Европейская живопись последних столетий во все возрастающем объеме изображала лишенную символических и аллегорических значений природу. Это, однако, не означает, что запечатленные ею человеческие черты этих значений лишены. Еще во времена дагеротипии сознание было настолько связано с природой, что лица обретали содержание, неотделимое от естественной жизни. И поскольку природа меняется в точном соответствии с тем или иным состоянием познания, избавленное от всякого смысла природное начало входит в силу вместе с современной фотографией. Так же как и ранние способы изображения, фотография соответствует определенному уровню развития практически-материальной жизни. Она представляет собой продукт капиталистического процесса производства. Та же голая природа, что появляется на фотографии, цветет пышным цветом в соответствующем обществе. Можно представить себе общество, ставшее жертвой лишенной всякого смысла немой природы, сколь бы абстрактным ни было ее молчание. В иллюстрированных журналах просматриваются контуры такого общества. Если бы оно было устойчивым, результатом эмансипации сознания стало бы его устранение; не покоренная им природа снова получила бы место за столом, которое сознание покинуло бы. Но поскольку устойчивостью такое общество не отличается, раскрепощенному сознанию дан невиданный шанс. Как никогда слабо связанное природными узами, оно может испытать на них свою власть. Обращение к фотографии – это игра ва-банк самой истории.
8Хотя бабушки уже нет, кринолин тем не менее остался. Тотальность всех фотографий можно рассматривать как общий инвентарь более не поддающейся редукции природы, как сводный каталог всех данных в пространстве явлений, поскольку сконструированы они не из монограммы объекта, но из естественной перспективы, которая для этой монограммы недостижима. Пространственному инвентарю фотографии соответствует временной инвентарь историцизма. Вместо того чтобы охранять «историю», которую сознание вычитывает из временной последовательности событий, историцизм фиксирует временную последовательность событий, чья связь сама по себе не содержит ключа к пониманию истории. Бесполезная саморепрезентация пространственных и временных элементов принадлежит общественному порядку, который регулирует себя в соответствии с экономическими законами природы.
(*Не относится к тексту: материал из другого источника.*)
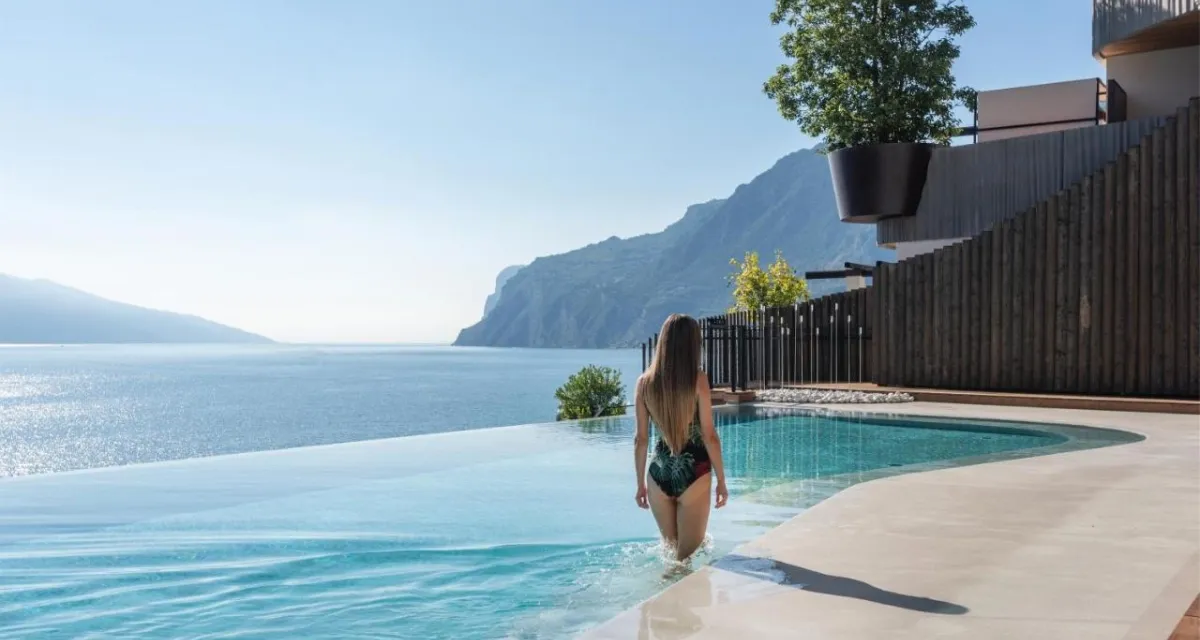 EALA My Lakeside Dream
Охваченное природой сознание не способно различать свою материальную основу. Задача фотографии в том, чтобы наглядно показать не виданный до настоящего времени природный фундамент сознания. Впервые в истории фотография выводит на свет совершенно натуральную оболочку вещей, впервые через нее заявляет о себе мир мертвых, независимый от живых. Она показывает города с высоты птичьего полета, снимает «крабов»[24] и фигуры с готических соборов. Все пространственные конфигурации вещей в необычных сочетаниях, которые порывают с присущей им близостью к людям, приобщаются к центральному архиву образов. Как только бабушкин наряд потеряет связь с сегодняшним днем, он больше не будет казаться странным, наоборот, окажется примечательным, словно подводный полип. Однажды дива лишится своего демонизма, а ее прическа вместе с шиньонами останется в прошлом. Так распадаются элементы, если их не удерживать вместе. Фотографический архив собирает посредством простого отражения последние элементы природы, освобожденной от всякого смысла.
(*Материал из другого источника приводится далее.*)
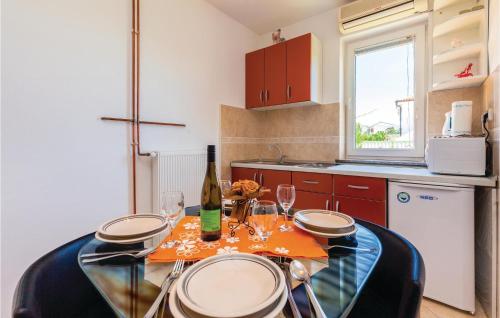 1 Bedroom Beautiful Apartment In Crikvenica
Инвентаризация природы приводит к ее столкновению с сознанием. Подобно тому, как сознание вступает в конфликт с беззастенчиво выставленной напоказ механикой индустриального общества, так же, благодаря фотографической технике, оно сталкивается лицом к лицу с отражением ускользающей от него природы. Вызвать решительную конфронтацию в любой сфере – именно это и есть игра ва-банк исторического процесса. Картины распавшихся на элементы кладовых природы предоставлены в полное распоряжение сознанию. Их изначальный порядок остался в прошлом, они лишились пространственных связей, соединявших их с первоисточником, от которого произошел образ памяти. Но если природные остатки не обращены к образу памяти, то их переданный посредством образа порядок обязательно становится временным. Так что именно сознанию следует доказать условность всех существующих конфигураций мира, не способных пробудить хотя бы отдаленное представление об инвентарном списке природы. В книгах Франца Кафки раскрепощенное сознание уклоняется от этой обязанности; оно разрушает природную данность и карабкается по ее обломкам. Беспорядочность представленного на фотографии распада нельзя изобразить нагляднее, чем упразднив все привычные отношения между элементами природы. В способности внести разлад в эти элементы заключается одна из возможностей кино. Данная возможность реализуется там, где кино комбинирует части и сегменты вещей с целью создания странных конструктов. И если путаница, царящая в иллюстрированных газетах, это простое недоразумение, то игра с раздробленной природой в кино – это реминисценция сна, в котором фрагменты повседневной жизни перемешиваются. Эта игра демонстрирует, что настоящее устройство вещей остается неизвестным. Именно такое устройство должно определить место сохранившимся фрагментам бабушки и дивы – то место, которое они в один прекрасный день займут в инвентарном списке мира.